→ TASK INSTRUCTIONS:
In the material below, the required lines run from the one containing "this 640×480 image." through the one containing "this 470×711 image.". Copy those lines exactly, ends included, and nothing else.

→ INFORMATION GIVEN:
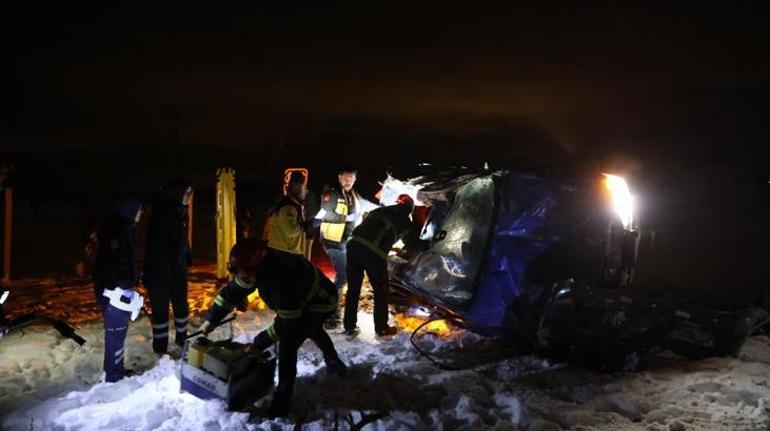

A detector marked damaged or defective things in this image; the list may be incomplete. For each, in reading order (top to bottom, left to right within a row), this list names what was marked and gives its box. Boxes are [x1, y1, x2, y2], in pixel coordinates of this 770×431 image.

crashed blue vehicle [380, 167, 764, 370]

* * *

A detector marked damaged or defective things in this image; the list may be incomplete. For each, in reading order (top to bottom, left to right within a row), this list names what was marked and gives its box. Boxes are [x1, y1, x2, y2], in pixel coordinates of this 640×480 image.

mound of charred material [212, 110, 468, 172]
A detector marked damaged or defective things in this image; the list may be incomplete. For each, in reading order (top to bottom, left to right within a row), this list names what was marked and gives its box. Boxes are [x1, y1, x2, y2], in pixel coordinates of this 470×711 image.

==

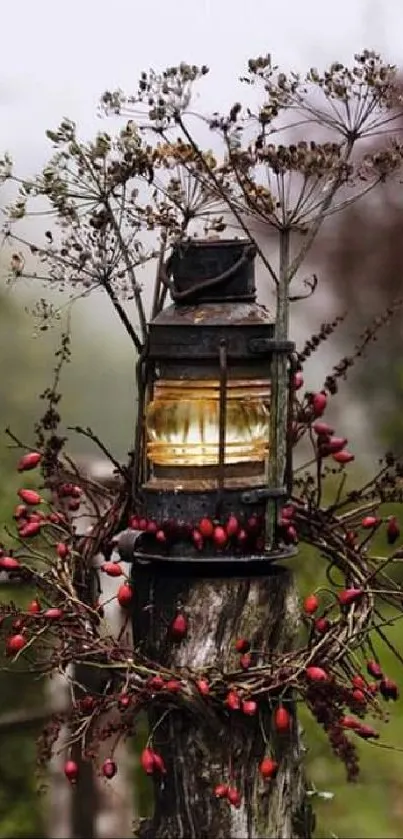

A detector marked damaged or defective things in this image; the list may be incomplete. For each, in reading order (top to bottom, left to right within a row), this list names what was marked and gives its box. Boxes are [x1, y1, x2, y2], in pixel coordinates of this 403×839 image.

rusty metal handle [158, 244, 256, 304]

→ RESPONSE BELOW:
A detector marked damaged or defective things in this image; the list may be incomplete. For each, in reading order (top to bottom, left to right within a row), this list names what was marked and gives its box. Boxes are [x1, y1, x2, y2], in pixel coordinates of this 640×480 image.

mound of charred material [212, 110, 468, 172]
A detector marked damaged or defective things in this image; the list may be incomplete. For each, in reading order (top to bottom, left to right within a row), this list names what was marked and gives its box. Boxes are [x1, y1, x2, y2], in pixel coordinates of this 470×711 image.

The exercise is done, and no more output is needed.